Um estudo da Universidade Yale, nos EUA, publicado na revista Psycological Science, explica que é normal sentirmos uma euforia positiva quando vemos um filhote de gato ou cachorro, por exemplo. Porém, logo depois, outro impulso, o de morder e apertar “até a morte”, costuma aparecer como uma forma de neutralizar o primeiro sentimento positivo que está fora de controle – nosso cérebro é demais, né?!

A essa reação os cientistas chamaram de “cute aggression”, algo como “agressão fofinha”. Ela provavelmente pertence a um tipo paradoxal de sentimentos que são ao mesmo tempo positivos e negativos – algo parecido com o que acontece quando você chora de alegria ou ri de nervoso, por exemplo.

Felícia

Excesso de felicidade

A “agressão fofinha” foi estudada pela primeira vez em 2012. As pesquisadoras Rebecca Dyer e Oriana Aragon deram um pedaço de plástico-bolha para 109 pessoas e depois exibiram imagens aleatórias de animais engraçados, neutros ou lindinhos. Era esperado que os mais bonitos gerassem mais estouros de bolhas, mas as pesquisadoras relatam que os voluntários ficaram insanos!

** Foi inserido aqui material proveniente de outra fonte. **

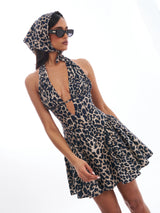 Cheetah Print Halter Linen Mini Dress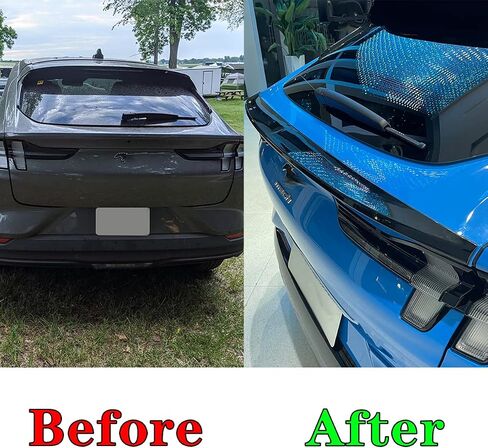 BestEvMod Compatible with Mustang Mach E Rear Spoiler OEM Style Trunk Spoiler Wing, Compatible with 2021 2022 2023 Mustang mach e Exterior Accessories(Carbon Fiber) in Saudi Arabia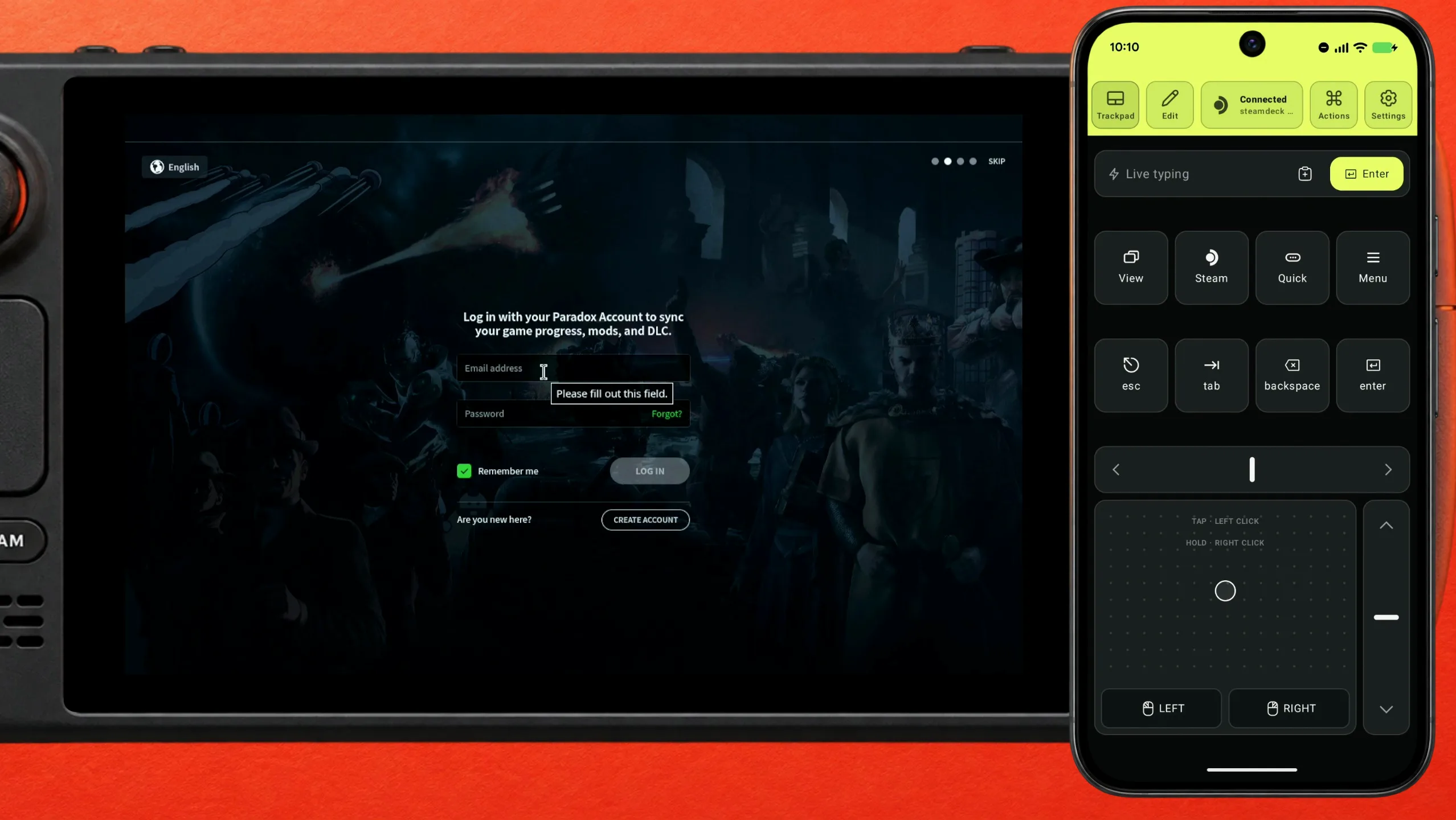O formulário Log in with your Paradox Account do launcher da Paradox no Steam Deck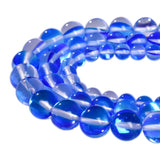 Asingeloo 48PCS 8mm Blue Angel Aura Round Gemstones Polished Mermaid Aura Moonstone Bead Smooth Stone Loose Beads Crystal Quartz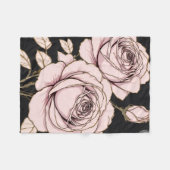 Blush Pink Rose Floral Fleece Blanket Deken (Voorkant (Horizontaal))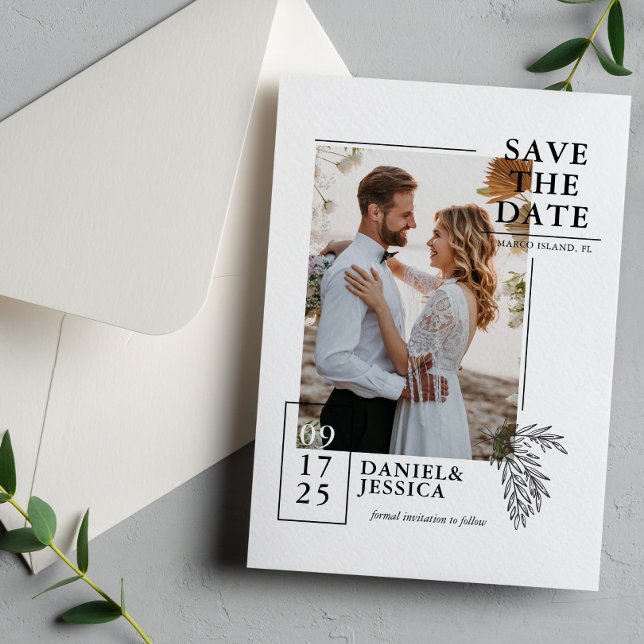 Reserve A Data Casamento Fotográfico Moderno Salva A Data (Criador carregado)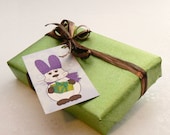 Gift Wrapping - Kraft Paper, Raffia Ribbon, Bunny Rabbit Gift Tag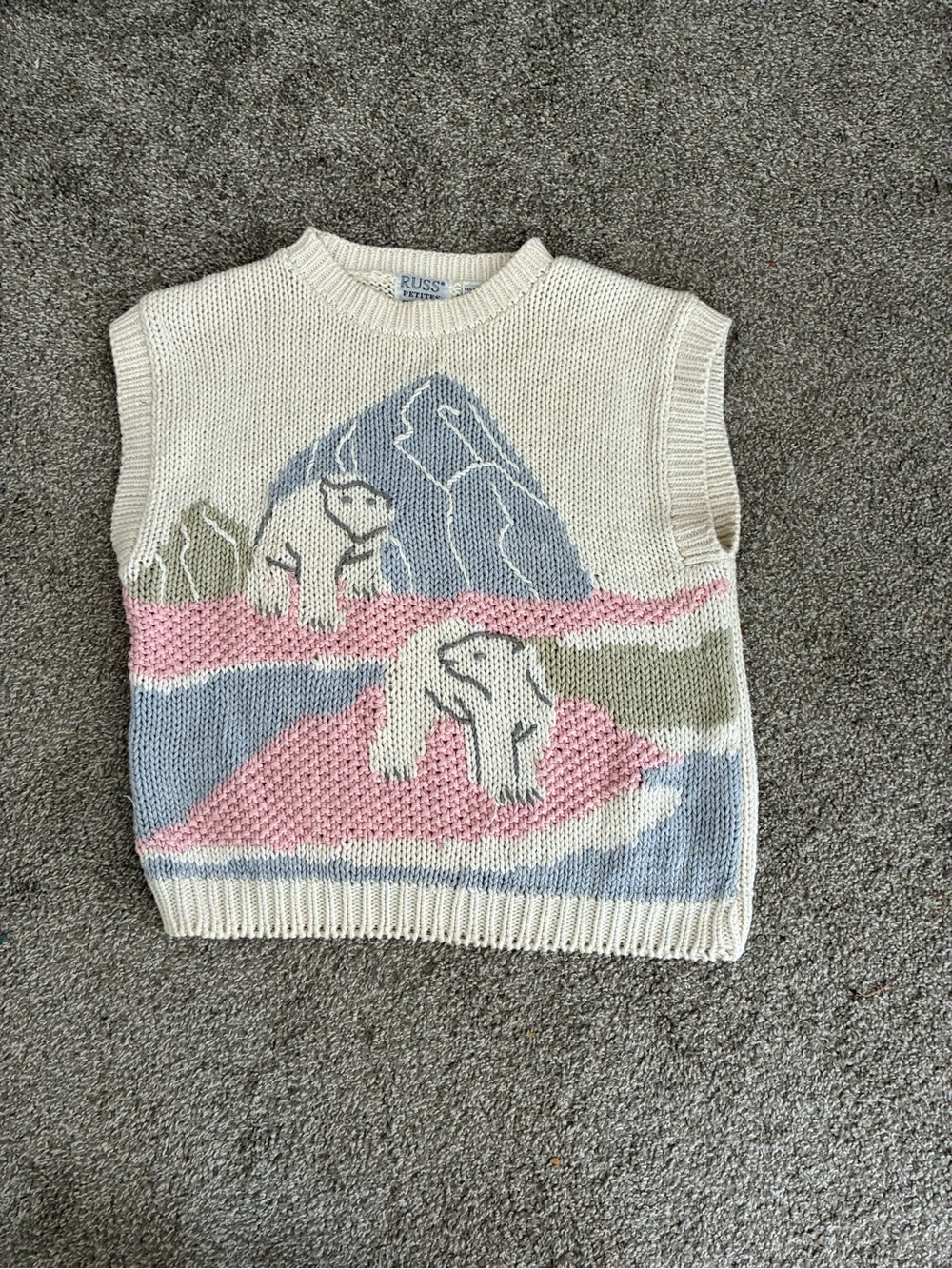 Russ Knit Sweater Vest with Polar Bear Motif in Cream, Pink & Blue
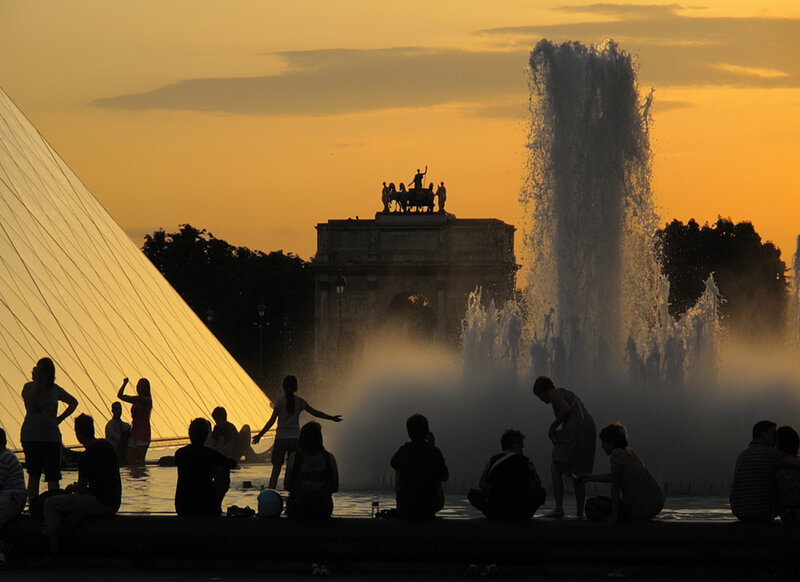 People at a Fountain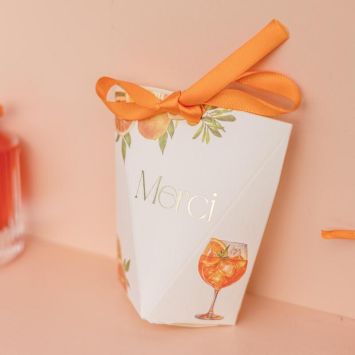 10 contenants "Merci" avec ruban satiné - 8 x 9 x 4 cm - Collection Fizz Agrume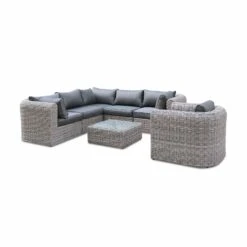 Salon De Jardin Résine Tressée Ronde 6 Places Couleur : Gris / Gris Chiné -Mobilier de maison rw3005gy 9edd86963579eeed93045bd6d57a7fcb
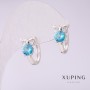 Обeци Xuping сови с блакитни камъни 15×9 мм родий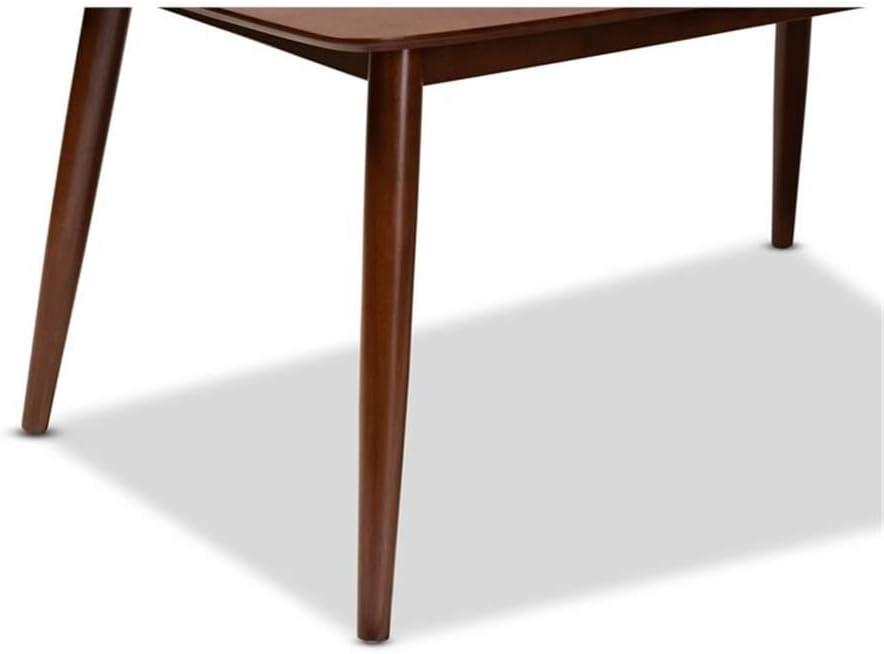 Baxton Studio Edna Wood Dining Table Walnut: Mid-Century Modern, Seats 6, Rubberwood Construction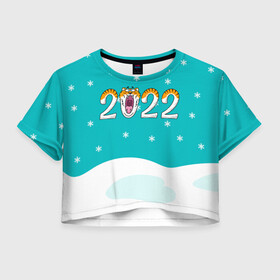 Женская футболка Crop-top 3D с принтом Надпись 2022 Новый год в Новосибирске, 100% полиэстер | круглая горловина, длина футболки до линии талии, рукава с отворотами | 2022 | год тигра | новый год | новый год 2022 | символ года | тигр | тигренок | тигрица | тигры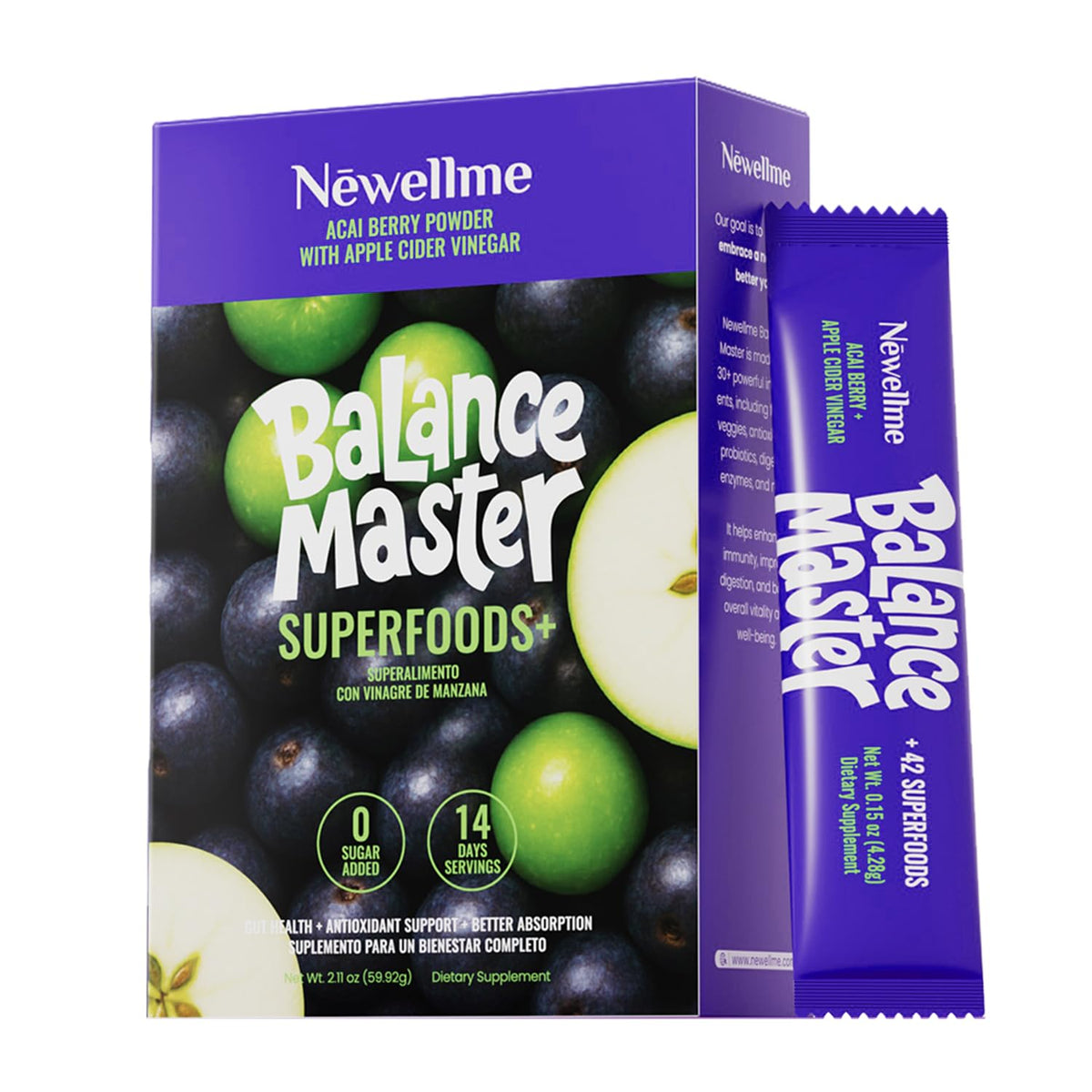 Poudre de superaliments NEWELLME saveur pomme acai sachets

Apesar disso, parece que essa agressividade aflora muito mais quando os objetos de desejo – cães, gatos e até mesmo bebês fofinhos – estão fora de alcance. Já o novo estudo foi feito com ainda mais pessoas, que primeiramente foram questionadas a lembrar de algum tipo de sentimento bom e de algum ruim e o quão poderosa era essa reação em sua memória.

Com base nas respostas, os cientistas concluíram que os bebês são os que mais despertam a reação de “agressão fofinha”, porém, quanto mais agressiva é essa reação, mais rapidamente ela é neutralizada em um sentimento bom.

“A capacidade de regularmos a própria força da resposta emocional é altamente adaptável: ela nos impede de investir muita energia nas coisas”, explica Anna Brooks, pesquisadora em neurociência cognitiva da Universidade Southern Cross, na Austrália. Ou seja, é perfeitamente natural que o bem-estar instantâneo ao ver algo fofinho seja rapidamente “combatido” pelo seu cérebro com algum tipo de sentimento agressivo para tentar neutralizar o excesso de felicidade que você está sentindo.